Un besoin urgent de réduction à la source
La priorité, selon les analystes, devrait être donnée à la réduction des émissions de CO2 de plus de 90 % avant d’envisager des compensations. Or, la majorité des entreprises concernées continue à privilégier des solutions temporaires et peu coûteuses au lieu de s’engager dans des projets de transformation profonde de leurs activités. Le secteur de l’énergie, en particulier, peine à adopter les changements nécessaires pour réduire ses émissions à la source.
Takeshi Kuramochi, analyste au NewClimate Institute, souligne que les entreprises asiatiques, bien qu’en croissance en matière d’engagements, manquent encore d’une stratégie cohérente pour parvenir à une réelle décarbonation. Cette observation est partagée par l’Energy & Climate Intelligence Unit (ECIU) et le Data-Driven EnviroLab, qui signalent une tendance mondiale à privilégier des objectifs à long terme sans planification détaillée sur les étapes intermédiaires à franchir.
Une pression accrue sur les entreprises
Les régulateurs, ainsi que les investisseurs, commencent à exercer une pression croissante sur les entreprises pour qu’elles rendent des comptes sur leurs actions de décarbonation. Catherine McKenna, présidente du groupe d’experts de l’ONU sur les engagements « zéro net », estime que ces promesses de neutralité carbone ne sont crédibles que si elles s’accompagnent d’une réelle transparence dans la gestion des émissions.
Pour cela, les entreprises doivent intégrer des outils de suivi rigoureux et des objectifs à court terme, tout en diversifiant leurs investissements dans des technologies de réduction directe des émissions. La transition énergétique mondiale ne pourra être réalisée qu’avec une action combinée des entreprises, des gouvernements et des institutions financières, selon McKenna.

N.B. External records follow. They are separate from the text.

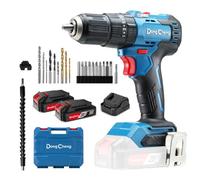 Dong Cheng Taladro Percutor a Bateria 20V 50Nm, 2x2,0Ah, Función de Impacto | Para atornillar, perforar y taladrar con percusión; 20 niveles de par, sin escobillas, portabrocas 13 mm, 2 velocidades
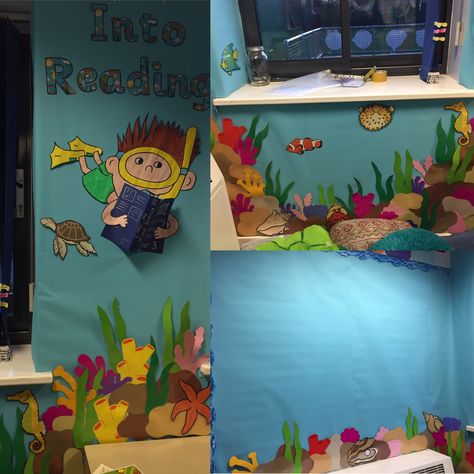 Dive into reading. Under the sea themes Reading corner for year 3 classroom. Incorporating literacy working wall. Ocean Theme Reading Area, Under The Sea Book Fair Ideas, Under The Sea Book Corner, Ocean Book Fair Theme, Literacy Working Wall, Under The Sea Library Bulletin Board, Literacy Display, Reading Corner Classroom, Reading Display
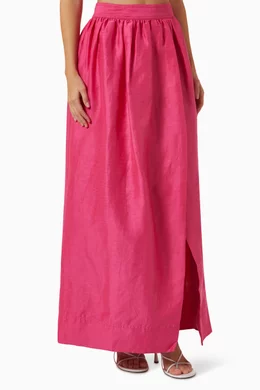 Buy Aje Pink Mirabelle Tulip Maxi Skirt in Linen-blend For Women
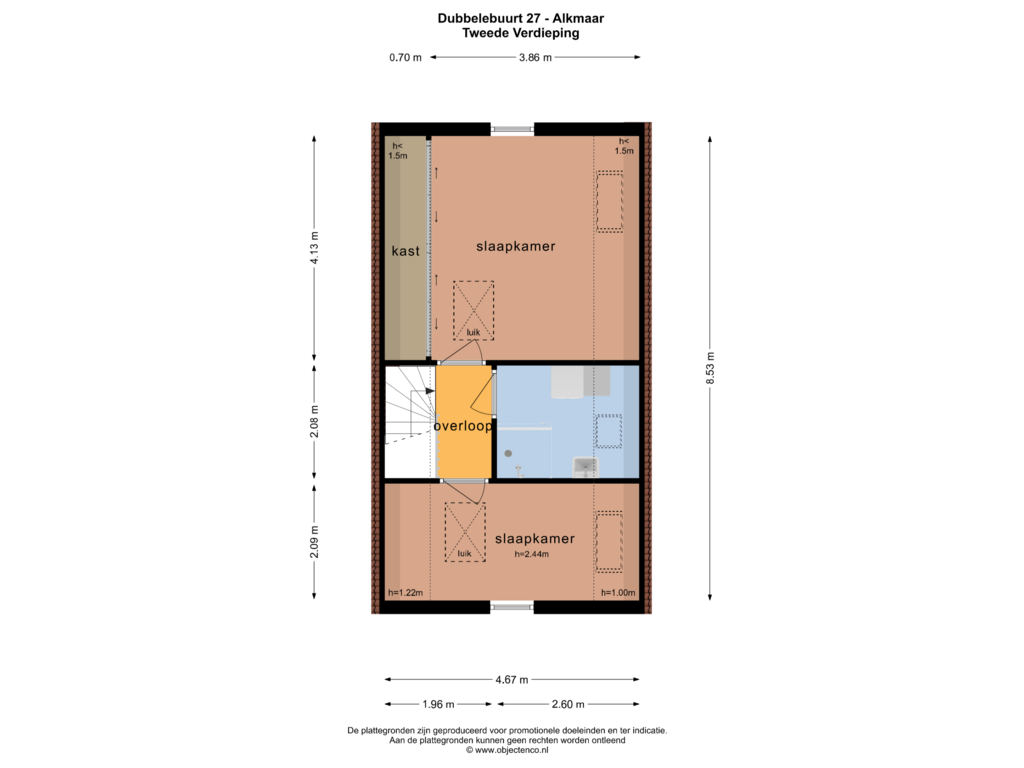 View floorplan of Tweede Verdieping of Dubbelebuurt 27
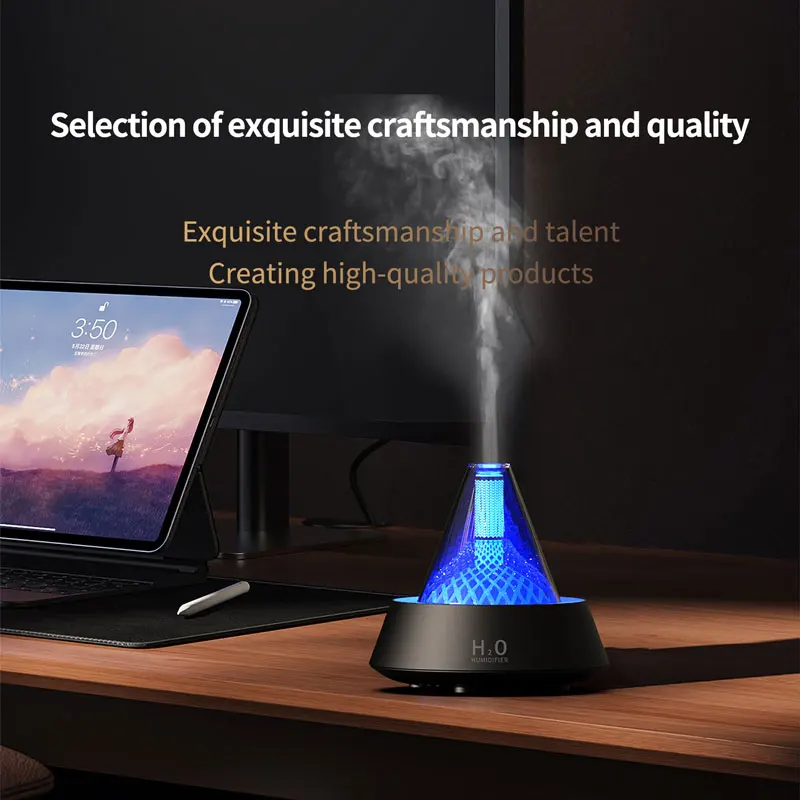 Hogar Mini Volcano Lava Aroma Diffuser USB Desktop Seven-Color Ambiance Light Humidifier Home Desktop Flame Diffuser Ultrasonic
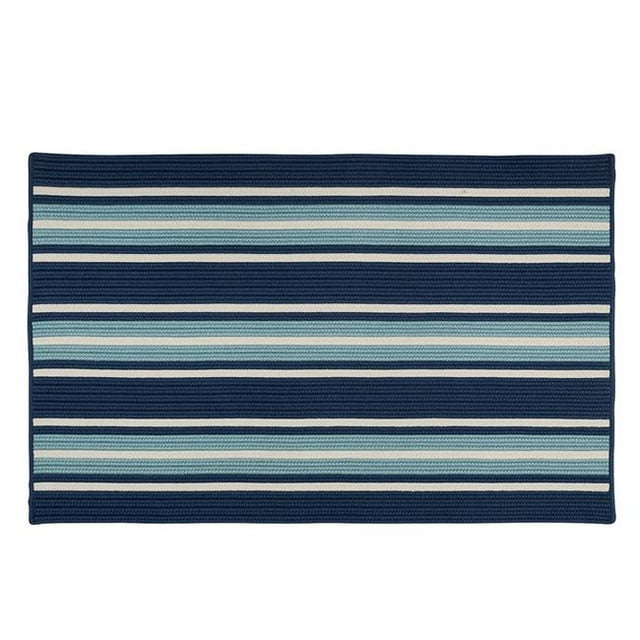 Colonial Mills Rug MS34R084X108S 7 x 9 ft. Mesa Stripe Braided Rug Shoreline Blue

Les multinationales asiatiques face à leurs responsabilités
Les entreprises asiatiques, en particulier celles basées au Japon, en Chine et en Corée du Sud, figurent parmi les plus actives en matière d’annonces de neutralité carbone. Toutefois, selon Net Zero Tracker, beaucoup de ces engagements restent vagues, avec des détails peu clairs sur les mesures concrètes à mettre en œuvre. La pression sur ces entreprises est d’autant plus forte que l’Asie est un des plus grands contributeurs aux émissions mondiales de CO2.

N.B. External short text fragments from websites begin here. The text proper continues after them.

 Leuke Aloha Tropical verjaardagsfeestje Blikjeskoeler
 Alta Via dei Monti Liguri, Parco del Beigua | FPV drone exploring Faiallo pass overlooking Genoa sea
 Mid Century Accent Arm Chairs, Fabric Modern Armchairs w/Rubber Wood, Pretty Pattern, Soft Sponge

Des initiatives comme celles de Oxford Net Zero cherchent à encourager une approche plus stricte et transparente en matière de décarbonation. Ces initiatives soulignent l’importance pour les entreprises de fixer des objectifs vérifiables et mesurables à chaque étape du processus, et non seulement d’annoncer des ambitions pour 2050 sans plans concrets pour les 5 ou 10 prochaines années.
Les résultats du rapport montrent également que les pays les plus avancés dans ce domaine restent concentrés en Europe, où les régulateurs imposent des exigences plus strictes aux entreprises. Cela contraste fortement avec certaines régions d’Asie, où la réglementation reste moins contraignante.